Im Gegensatz zu deiner Arbeit in kleinen Gruppen macht Hellinger Familienaufstellungen in großen Hallen mit mehreren hundert Zuschauern. Ist das nicht etwas fragwürdig?

Ja, man muss einfach sagen: Der Mann ist ein Popstar!

Das macht’s ja nicht besser! Ich finde das eher unseriös oder verantwortungslos …

Ich bin da vollkommen auf deiner Seite, ich würde mir das auch nicht antun. Es liegt auch am Klienten selbst, wenn er sich dem aussetzt, dass vierhundert Augenpaare auf ihn gerichtet sind, während er auf der Bühne von seinen Problemen berichtet. Ich denke, das zieht auch eine gewisse Klientel an. Aber ich sage auch immer, jeder Klient findet seinen Coach, und Hellinger ist lange genug verachtet worden und hat ohne Geld gearbeitet; und dass er mit 90 Jahren damit jetzt auch nochmal Geld verdienen möchte, ist für mich nachvollziehbar. Und die Nachfrage ist ja da, wie man bei seinen Großveranstaltungen sieht. Bei der Kritik steckt aber auch immer der Gedanke dahinter, dass Menschen, die in therapeutischen Berufen arbeiten, bitte kein Geld verdienen dürfen.

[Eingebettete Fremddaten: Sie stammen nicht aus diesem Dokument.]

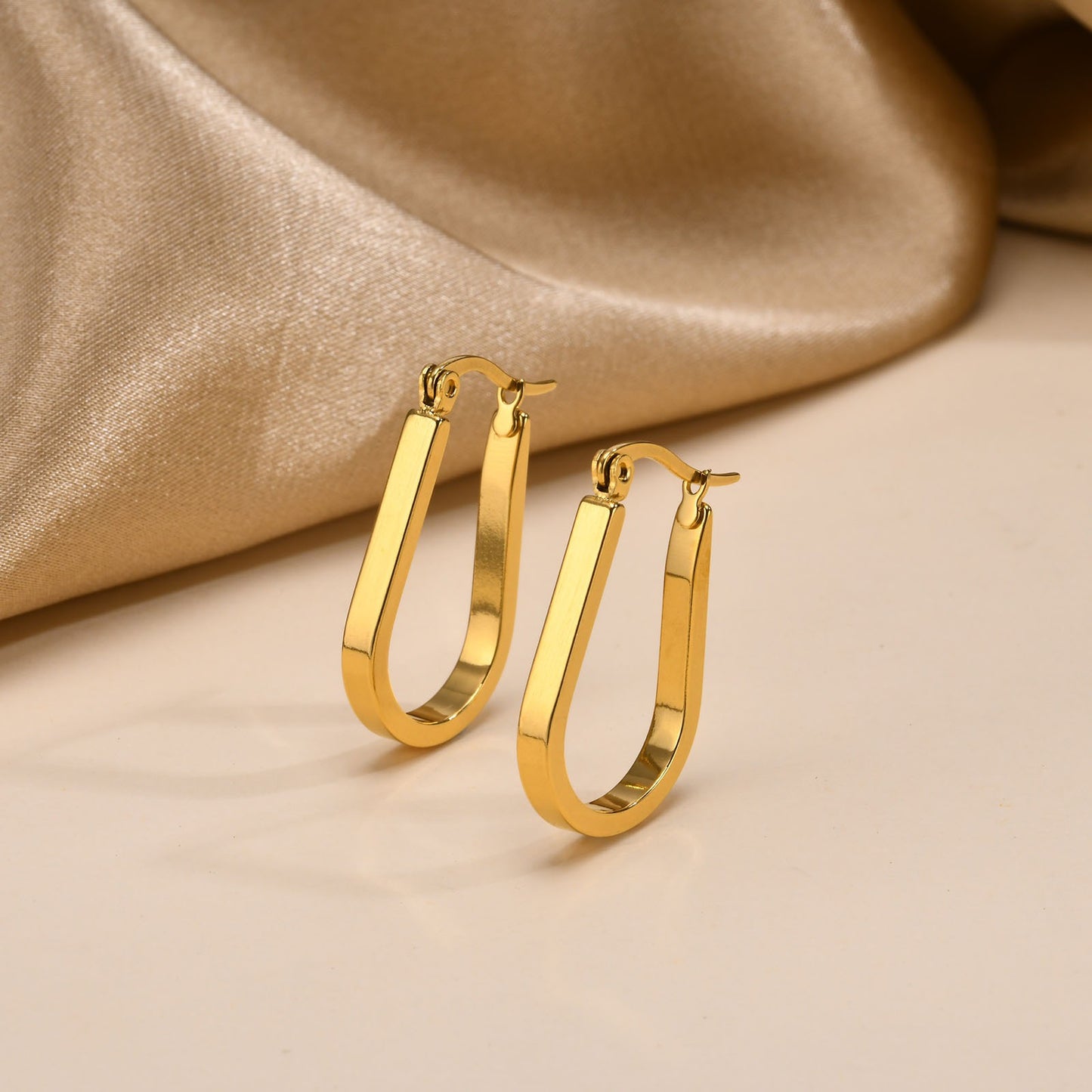 Pendientes Kemstone de acero inoxidable con forma de U retorcida | Detalle en V martillado y elegancia cotidiana EH-633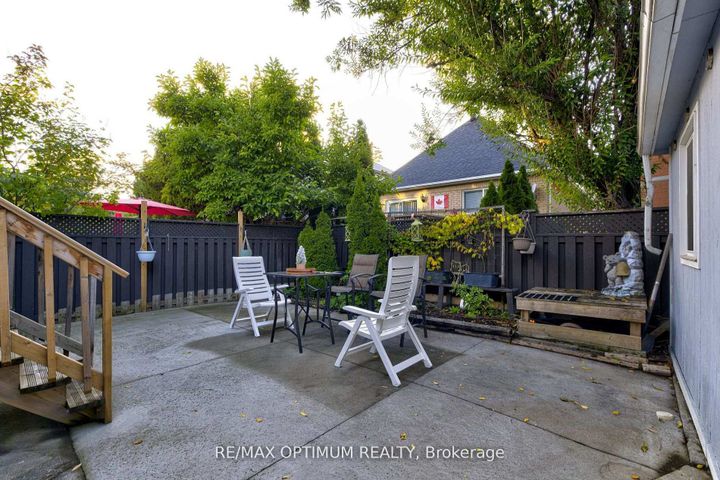 Photo 34 at 3 Sweet Briar Lane, Snelgrove, Brampton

Die Familienaufstellung zeigt, dass die Antworten eigentlich alle in einem selbst stecken, aber man sieht sie oftmals einfach nicht. Woran liegt das?

Das frage ich mich auch oft. Wir halten die Wahrheit oft nicht aus, weil sie uns massiv in die Pflicht und in die Verantwortung nimmt. Das ist schwer, denn wir sind es gewohnt, keine Verantwortung für unser Leben zu übernehmen. Das zu durchbrechen kostet viel Mut, Zeit und Kraft, und da verstehe ich jeden, der sagt, das schaffe ich nicht, also schaue ich halt weg. In Bezug auf meine Arbeit kann ich sagen, ich finde es persönlich viel schwieriger, ein Leben lang mit Blockaden rumzulaufen oder dauernd krank zu werden, anstatt sich einmal eineinhalb Stunden dem zu stellen …

Manchmal braucht es wohl nur einen, der den Blick vielleicht einen Tick in eine andere Richtung lenkt.

Das ist genau das, was ein Coach macht: Dir einfach einen anderen Weg als Möglichkeit aufzuzeigen. Gehen musst du ihn dann selbst.